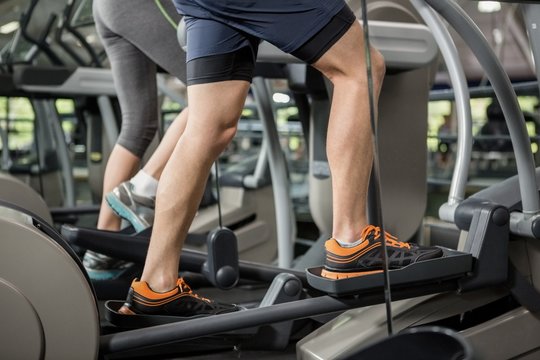 Woman and man exercising on the elliptical machine
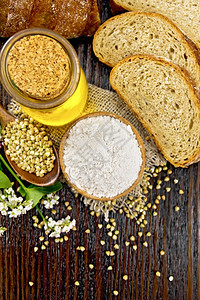 面粉碗中的绿麦粉盘上打麻勺子和桌上小吃玻璃罐中的油面包新鲜花和黄麦叶其背景是上面的黑木板图片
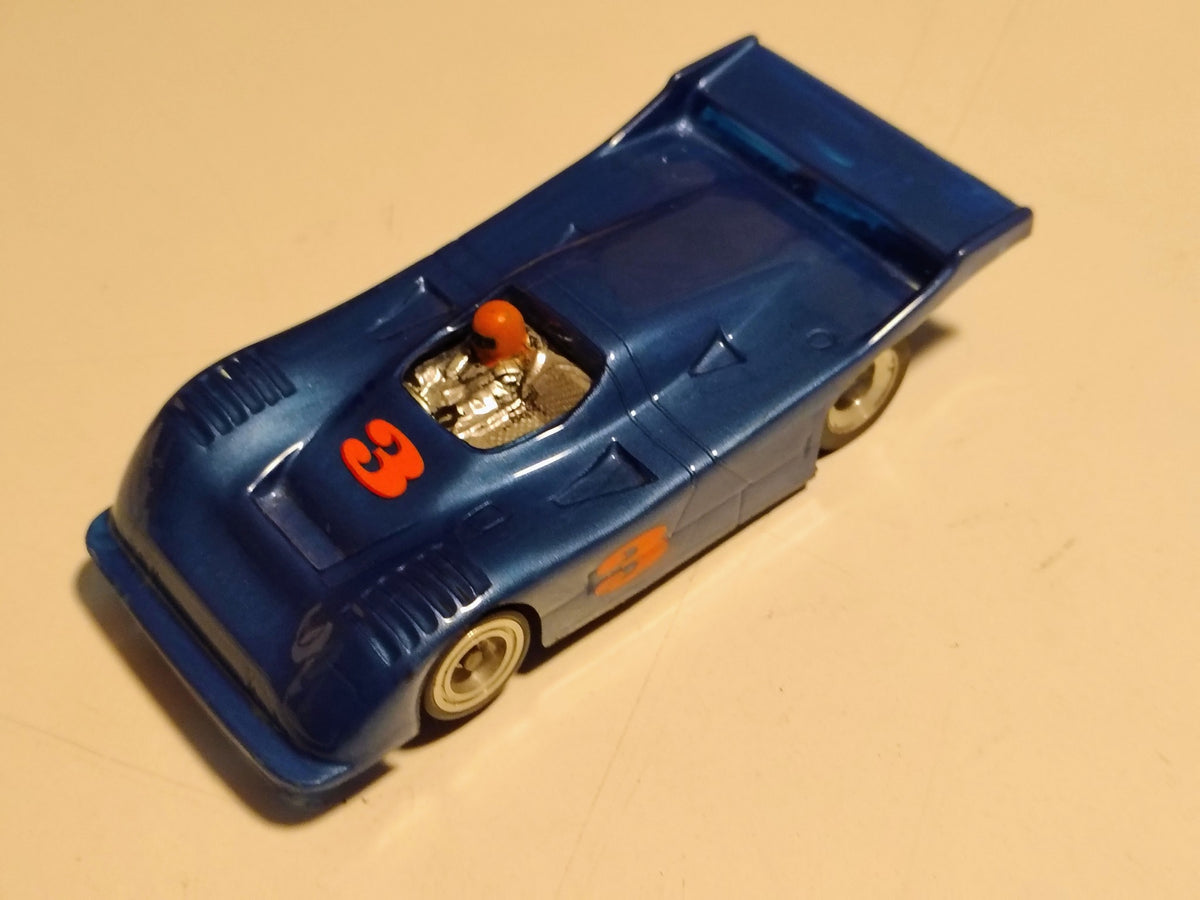Metallic-blue number 3 Can-Am slot car overhead angle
....
About this exercise: Go through the listing and restate each line word for word, leaving out the pictures.

Task output:
 Woman and man exercising on the elliptical machine
 面粉碗中的绿麦粉盘上打麻勺子和桌上小吃玻璃罐中的油面包新鲜花和黄麦叶其背景是上面的黑木板图片
Metallic-blue number 3 Can-Am slot car overhead angle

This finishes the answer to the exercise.